Rick Schaut on ‘Disk Is Full’ bug

Posted by Pierre Igot in: Macintosh
May 20th, 2004 • 12:08 pm

Microsoft developer Rick Schaut has a very long piece on the process of identifying and fixing a bug in Word, which refers more specifically to the infamous “Disk Is Full” bug that has plagued Word for years and that I have already had the opportunity to discuss extensively on many occasions.

The piece is far too long and convoluted to be of any interest to Word users, however. It’s obviously a piece written by a developer primarily for other developers, which is fine. I am not really in a position to comment on the relative “quality” of the debugging process described by Rick or the code and underlying architecture of Word that he describes. I also appreciate the fact that Rick mentioned my efforts as part of the process of isolating the bug in its various incarnations.
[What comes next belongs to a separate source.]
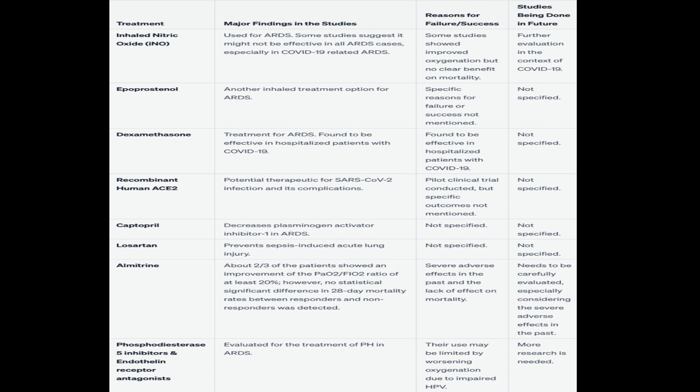Captopril helps decrease plasminogen activator inhibitor-1 in ARDS. Losartan prevents sepsis-induced acute lung injury. Almitrine showed that two-thirds of patients had improved PaO2/FiO2 ratio by at least 20%, with no significant difference in 28-day mortality between responders and non-responders; past usage has been associated with severe adverse effects. Phosphodiesterase-5 inhibitors and endothelin receptor antagonists have been evaluated for treating pulmonary hypertension in ARDS, but their use may be limited due to potential worsening of oxygenation from impaired HPV.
But I just have to highlight the following:

With this in mind, for Mac Word X, we modified the notion of what would be a “simple” piece of text for the sake of deciding whether or not to copy a piece from the previously-saved document’s file over to the scratch file. To view this in a slightly different way, we made the code that copies undo document referents more aggressive. This resolved another test case that the Mac Word testers had developed, again using a slightly different macro that would eventually cause the “Disk is full” error to occur. This fix didn’t actually make it into the shipping release of Mac Office X, but it was included in a subsequent SR (I don’t recall specifically which one).
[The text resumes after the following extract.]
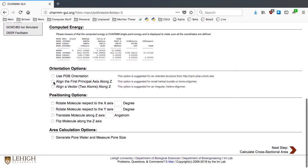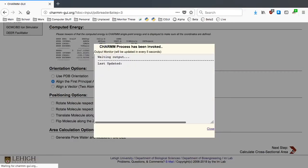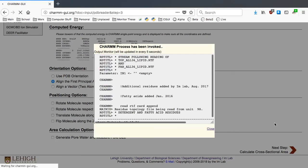CHARMM-GUI provides a few options, and we will use the option for aligning the first principal axis of our protein along the Z-axis of the system. Because we have a pentameric CTB, whose principal axis can be easily defined, it is good to use for this alignment.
At this point, we still don’t know that the problem involves the OS’ open file limit. That discovery didn’t happen until this past summer when, through the very persistent efforts of Mac Word’s current lead tester, we were able to use some tools on Mac OS X to figure out exactly what was happening. While we were able to verify this, we still didn’t know the exact location where Word was failing to open a file due to having hit the OS’ open file limit. Again, we still can’t get this to reproduce under the debugger, and there are a couple of places in the save process where it can fail because the OS won’t let Word open the file. So, rather than scatter fixes all over the place, we went with the sure fix: lower Word’s internal open file limit so we hit it before we hit the OS’ open file limit. This allows the code that nukes the undo stack to kick in, and then save the succeeds.

I must say I find it very hard to believe that Microsoft was not aware of the relation between this bug and the OS’s own open file limit. I remember very specifically the time when this “Disk Is Full” first started being a major pain for Mac users, and, from very early on, it became clear to users like me that this bug was indeed related to the Mac OS’s open file limit.

First, there was the fact that the “Disk Is Full” dialog was sometimes replaced by a “Too Many Files Open” dialog. Then there was the fact that Mac utility developer Alsoft came up with a little utility application for monitoring the total number of open files in Mac OS 8 at any time. I remember specifically using this utility to monitor the number of open files and seeing the number creep up with each save in Word.

Then I also remember specifically reading about the fact that the open file limit in Mac OS 8 was little over 350, which was a very low number, considering that many things were considered open files, including each font used by the system.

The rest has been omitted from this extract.